Are you saying that I am assigning what is a CStringA (returned by w2A) to strReplacementToken (a CStringW (due to _UNICODE) ), which ends up with strReplacementToken being a CStringW ?  Well, if that is the case, I can certainly see why everything is failing, and I can see the memory window showed strReplacementToken as having two bytes per character in my previous screenshot ( http://img240.imageshack.us/img240/3536/notworking3fx.png )

***** Is this what you are saying the problem is, and why I essentially believe that W2A is "not working" ? *****

>> Your memcmp/wmemcmp needs to compare LPCTSTR string fetched from the CString object...

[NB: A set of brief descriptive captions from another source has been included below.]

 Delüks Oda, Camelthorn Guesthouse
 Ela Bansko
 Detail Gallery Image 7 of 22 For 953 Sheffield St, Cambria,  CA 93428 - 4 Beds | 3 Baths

Now, you use memcmp in your code, however I don't see why I *have* to, since all I am comparing is blocks of memory, which can be of any data type, including ANSI strings or UNICODE strings.  My code works fine for a UNICODE file, (with _UNICODE) defined as-is, so I am still not convinced about what you say here.  Can you re-enforce you statement about using the LPCTSTR operator ?

havman56

I am using VS.NET 2003, so I guess that does not apply to me.  Thanks anyway.

itsmeandnobodyelse

Thank you for the attempt to fully understand my issue.  You are correct, there are four cases as you have clearly layed out.

>> I would suggest to use std::string and std::wstring instead. Both can be used same time.

That is an option.  However, as this code is part of a large MFC project, I really want to stick to CString objects.  I will try that code however as it is good practice.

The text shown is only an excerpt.